The major efficacy outcome measure was overall response rate (ORR), which reflects the percentage of participants that had a certain amount of tumor shrinkage. An additional efficacy outcome measure was duration of response (DOR). The efficacy population included 28 participants who had never undergone treatment for non-small cell lung cancer and 69 previously treated participants. The ORR for the 28 participants was 68%, with 4% having a complete response and 64% having a partial response. The ORR for the 69 participants was 41%, with all having a partial response. Of the responding participants who had never undergone treatment for non-small cell lung cancer, 47% had a duration of response lasting 12 months or longer compared to 32.1% of the responding participants who had been previously treated.
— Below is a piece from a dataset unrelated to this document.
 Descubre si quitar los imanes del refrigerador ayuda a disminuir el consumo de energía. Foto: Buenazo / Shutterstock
The US Food and Drug Administration (FDA) processed the application under the accelerated approval program and granted the application for capmatinib priority review, orphan drug, and breakthrough therapy designations and granted the approval of Tabrecta to Novartis Pharmaceuticals Corporation.
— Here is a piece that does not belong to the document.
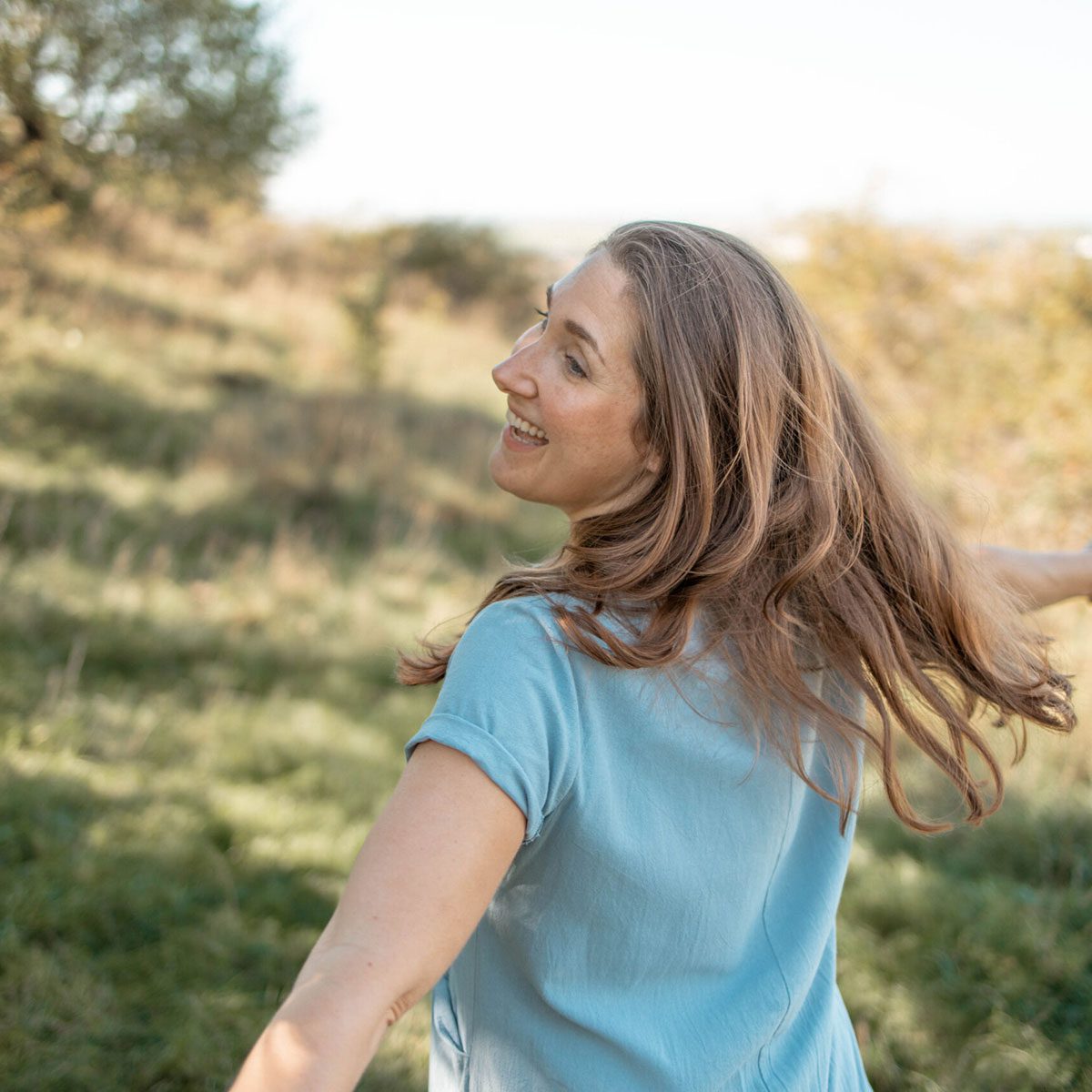 Romina_Outdoor-39-von-141-scaled Romina_Outdoor-39-von-141-scaled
On 22 April 2022, the Committee for Medicinal Products for Human Use (CHMP) of the European Medicines Agency (EMA) adopted a positive opinion, recommending the granting of a marketing authorization for the medicinal product Tabrecta, intended for treatment of patients with advanced non-small cell lung cancer harboring alterations leading to mesenchymal-epithelial transition factor gene exon 14 (METex14) skipping. The applicant for this medicinal product is Novartis Europharm Limited.[12] Capmatinib was approved for medical use in the European Union in September 2022.[13]